Learn How to Make the Perfect Turkey Burger in Five Simple Steps
Flavorful, juicy, and easy to make, ground turkey patties really can rival any other burger you put on the grill. Sure, they sometimes get a bad rap as dry and crumbly, but with a little finessing a turkey burger can be the patty of your dreams to sandwich between buns with all your favorite condiments. Don't believe us? Just follow our formula, and we guarantee that you'll make a perfect turkey burger every single time. You'll find that our tips address both texture and flavor, so you can make patties that hold their shape, have plenty of turkey flavor, are moist, and taste irresistible.
Choose Your Meat
Our ideal turkey burger is made with dark meat or a combination of dark and white. The higher fat content of dark meat, which is still leaner than beef, translates to super flavorful, juicy patties. Ground white turkey meat is easier to find at the grocery store, but many supermarket meat counters (or local butchers) can help you source ground dark. And if you're ordering straight from the butcher, ask them if they can grind the meat for you using a coarser grind. You'll find that most grocery store ground turkey is so finely ground that it's almost a purée, and this is harder to work with and has a too smooth mouthfeel. Our Turkey Cheddar Burgers are made with ground dark turkey meat and rival a traditional cheeseburger.
Use a Binder
Use breadcrumbs to bind the patties together and help them retain their shape. Fresh breadcrumbs (made from fresh bread pulsed in the food processor or torn into small bits) are best here, as they retain some moisture which helps to keep them from drying out the burger. If you opt for dried breadcrumbs (made from stale bread), try soaking them in a touch of milk or add a little egg or mayonnaise first. Another binder that makes an irresistible patty is cheese-that means adding it into the meat mixture, not just on top. Our Favorite Turkey Burger calls for grating nutty, melty Gruyère into the patty along with fresh breadcrumbs. Cheddar, feta, Swiss, or whatever firm to semi-soft cheese you prefer are great swaps for the pricier Gruyère.
Boost the Flavor
More mild tasting than beef, turkey is a blank canvas that won't overpower other ingredients, allowing you to really customize the patty to your desired flavor profile. Start by adding an umami-rich ingredient such as Worcestershire, miso, garlic powder, or soy sauce, which brings out the best of the turkey flavor and adds an irresistible note in these Hawaiian Turkey Burgers (adding a slice of pineapple as a topping doesn't hurt either!). Background flavors such as grated onion or sliced scallion also boost flavor and add moisture. Next, select flavorful ingredients that add perspective.
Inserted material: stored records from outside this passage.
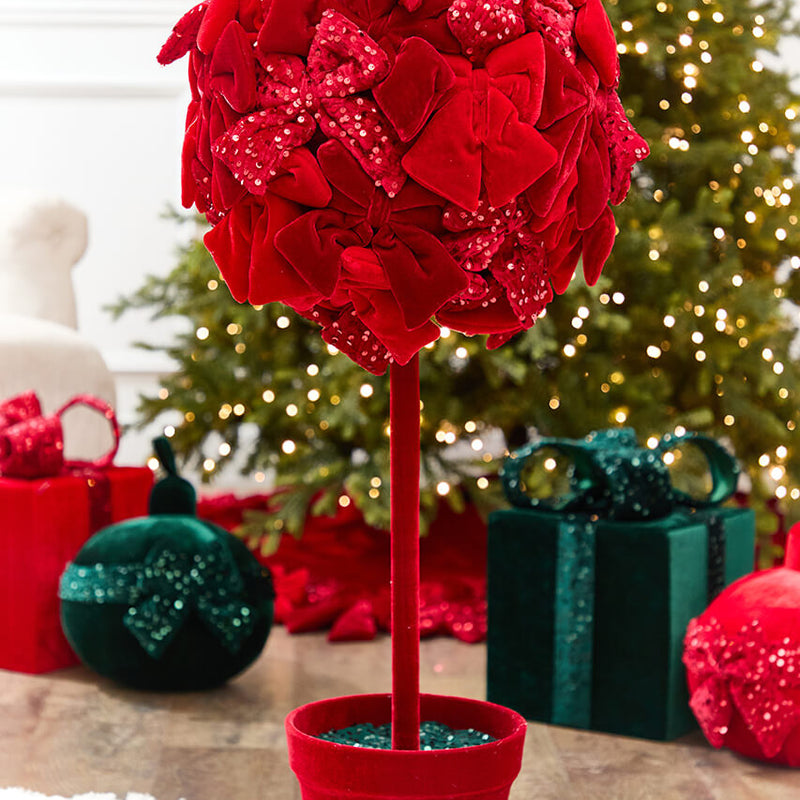 36" Red Velvet Sequin Bow Potted Ball Topiary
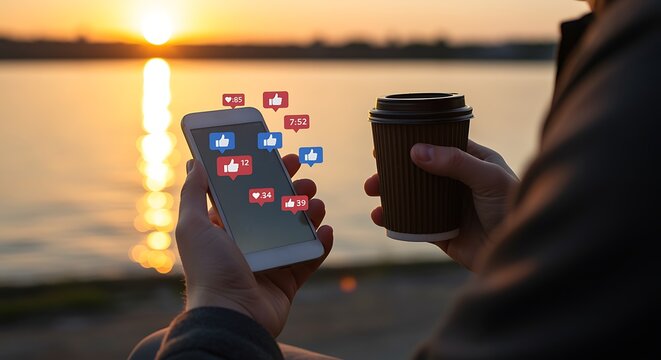 Person holding smartphone with social media notifications and coffee cup at sunset like heart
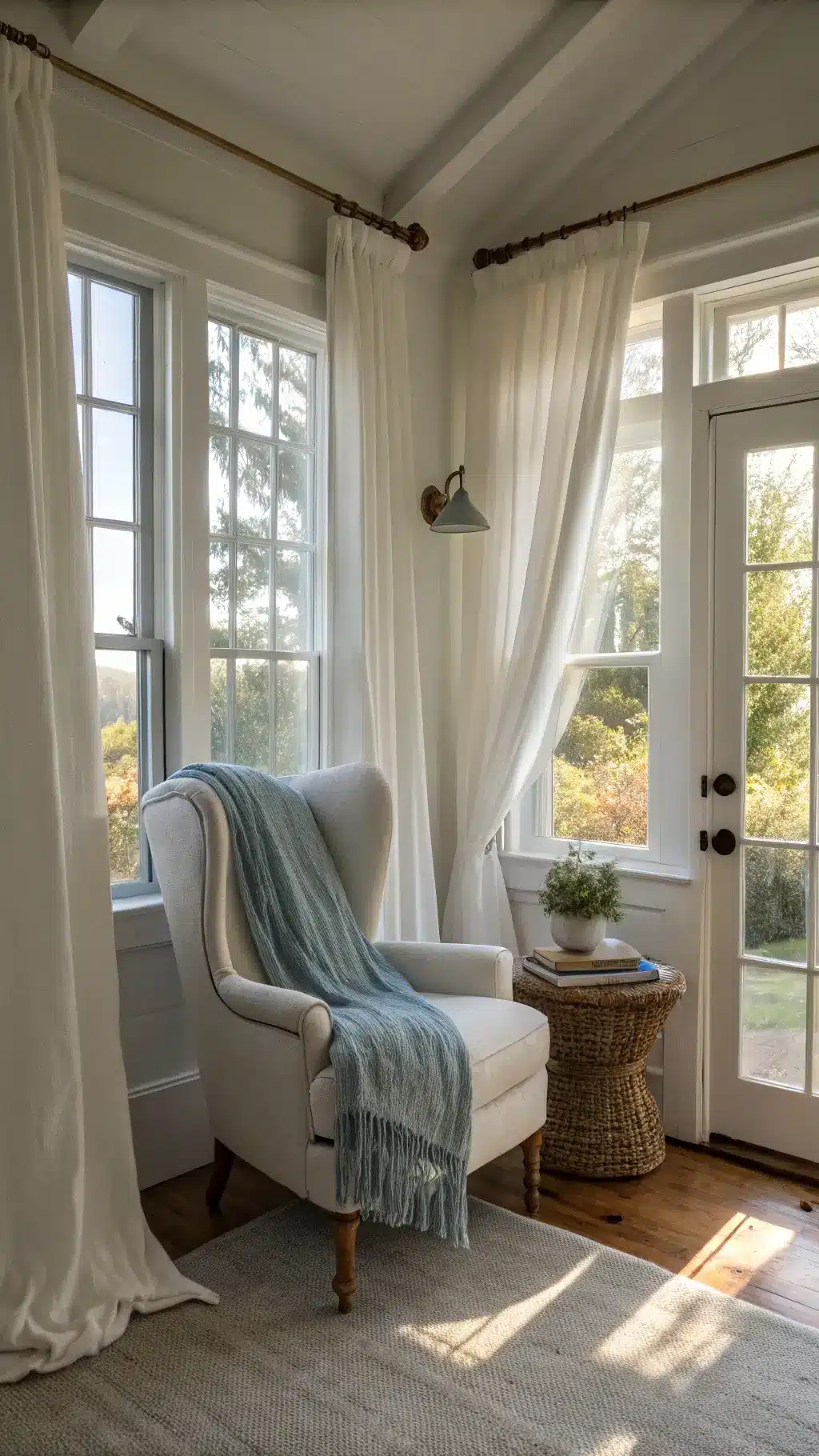Bright reading nook in a farmhouse with floor-to-ceiling windows, white curtains, vintage cotton duck upholstered chair, raw wood side table, and blue-grey handwoven throw blanket
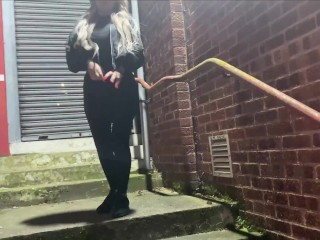 Pissing on a public staircase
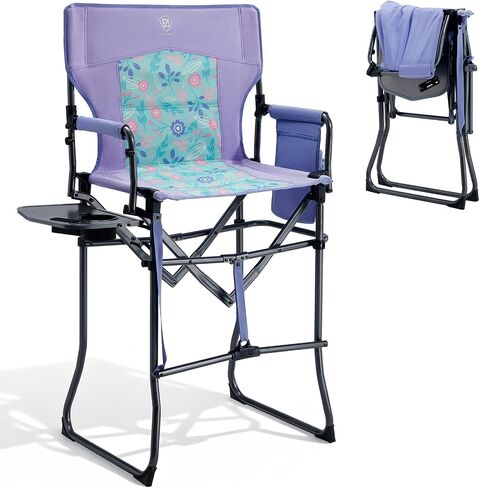 EVER ADVANCED Portable 30.7" Seat Height Tall Camping Directors Chair | Folding Chair High Foldable Bar Stool with Side Table for Makeup Artist, Sports Event, Craft Show, Supports 350LBS in Kuwait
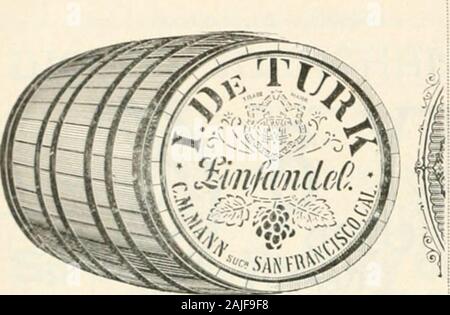 Pacific Vino e spirito di riesame . Aggiudicati 37 d'oro, d'argento e la medaglia di Bronzo ! Il Champagne HARASZTHY CALIFORNIA iSKi:i l&GT;K^? !-;XriA i&GT;in:- 530 Washington Street di San Francisco. 0. M. MANN successore a I. DE TURK- i vini e acqueviti, brandy porta SAUTERNE GUTEDEL SHERRY RIESLING ANGELICA BORGOGNA MUSCAT CABERNET TOKAY ZINFANDEL MADERA XX CLARET MALAGA Foto Stock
Tangy condiments like Dijon, ketchup, hot sauce, spices like chili powder, ground cumin, or dried oregano, or herbal notes from fresh chopped herbs. One of Martha's favorites, this Turkey Meatloaf Burger gets a tasty spin from red pepper relish mixed into the patty.
For the most tender patties, don't overwork the turkey meat. First stir together the binder and flavorful ingredients in a bowl and season with salt and pepper. Then fold in the turkey meat until just combined.
Form Your Patties
The perfect patties fit perfectly inside the bun and hold their shape; these three tricks help ensure just that. First, use cold turkey meat, which is firmer than room temperature. If the patty mixture seems too loose or too delicate (and you have added enough breadcrumbs), try refrigerating the patties for at least 30 minutes to firm them up before reforming and cooking them. Second, form the patties about ½-inch wider than the bun, the meat will shrink a little as it cooks. Lastly, we recommend finishing the patty with the indent method, which prevents the burger from puffing up and shrinking as well when it cooks. Use your thumb to create about a one-inch wide divot in the center of the each patty.
Cooking a Turkey Burger
Turkey burgers need to be cooked all the way through, but you don't want to overdo it and ruin your efforts to keep the patty moist and flavorful. Have a meat thermometer on hand and measure temperature in the thickest part of the center of the patty, or you can sacrifice one patty and cut it open to ensure it is cooked through. Our favorite way to cook turkey burgers is to grill or pan sear over medium-high heat to get a nice sear on both sides. We then remove the patties to a cooler part of the grill or place them in the oven at a lower temperature and let them finish cooking slowly-both of these methods ensure your patties don't overcook.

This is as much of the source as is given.